• _TASK INSTRUCTIONS_
When the line containing "g/m2, raudonas Dekoratyvinis" appears in the data below, begin copying there and stop only after the line containing "Cabin | Private".
(Beginning of INPUT RECORDS)
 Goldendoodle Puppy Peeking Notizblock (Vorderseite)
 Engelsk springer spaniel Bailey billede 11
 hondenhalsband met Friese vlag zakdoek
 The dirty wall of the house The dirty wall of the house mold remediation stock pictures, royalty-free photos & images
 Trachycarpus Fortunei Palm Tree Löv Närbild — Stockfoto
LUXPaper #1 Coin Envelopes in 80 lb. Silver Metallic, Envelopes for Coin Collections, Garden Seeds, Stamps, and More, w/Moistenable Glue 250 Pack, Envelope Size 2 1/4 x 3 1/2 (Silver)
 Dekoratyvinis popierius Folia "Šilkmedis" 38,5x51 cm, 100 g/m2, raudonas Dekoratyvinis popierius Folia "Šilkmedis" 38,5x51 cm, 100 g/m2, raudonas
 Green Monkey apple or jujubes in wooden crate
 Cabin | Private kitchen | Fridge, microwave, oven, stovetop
(End of INPUT RECORDS)
(Beginning of INPUT RECORDS)
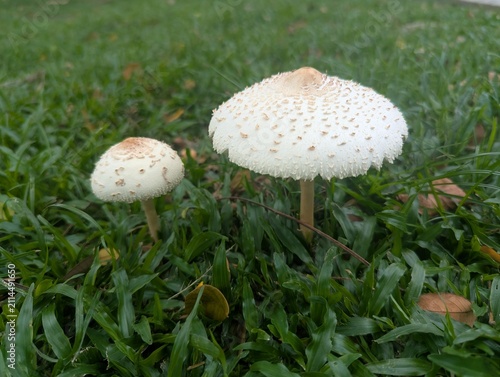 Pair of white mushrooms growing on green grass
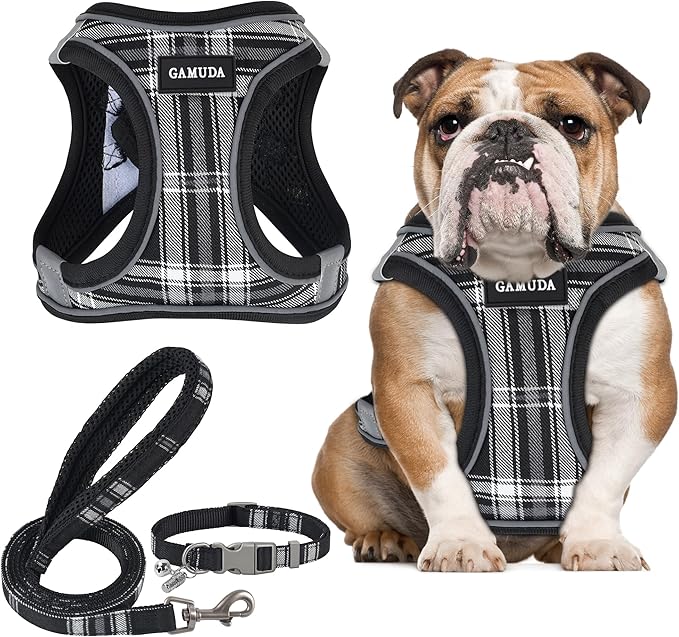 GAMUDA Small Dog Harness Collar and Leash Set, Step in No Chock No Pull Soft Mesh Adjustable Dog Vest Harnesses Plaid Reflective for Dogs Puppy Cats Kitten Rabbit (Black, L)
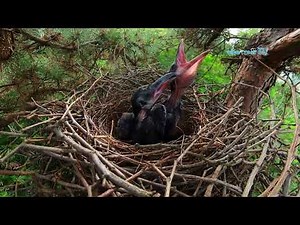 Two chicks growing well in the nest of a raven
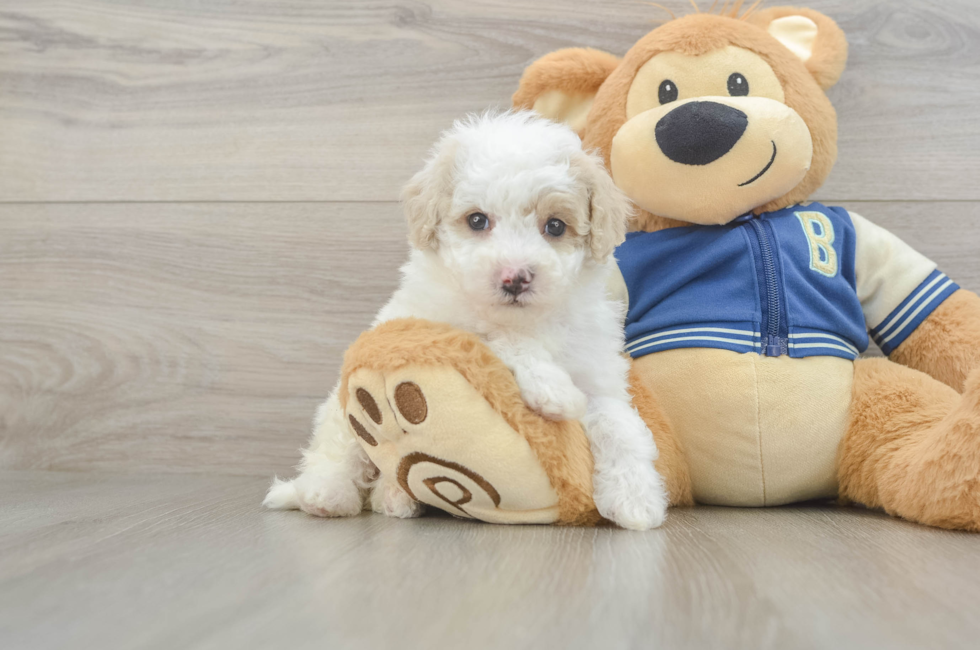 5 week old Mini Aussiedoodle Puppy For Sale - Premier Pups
(End of INPUT RECORDS)
• _EXERCISE RESPONSE_
 Dekoratyvinis popierius Folia "Šilkmedis" 38,5x51 cm, 100 g/m2, raudonas Dekoratyvinis popierius Folia "Šilkmedis" 38,5x51 cm, 100 g/m2, raudonas
 Green Monkey apple or jujubes in wooden crate
 Cabin | Private kitchen | Fridge, microwave, oven, stovetop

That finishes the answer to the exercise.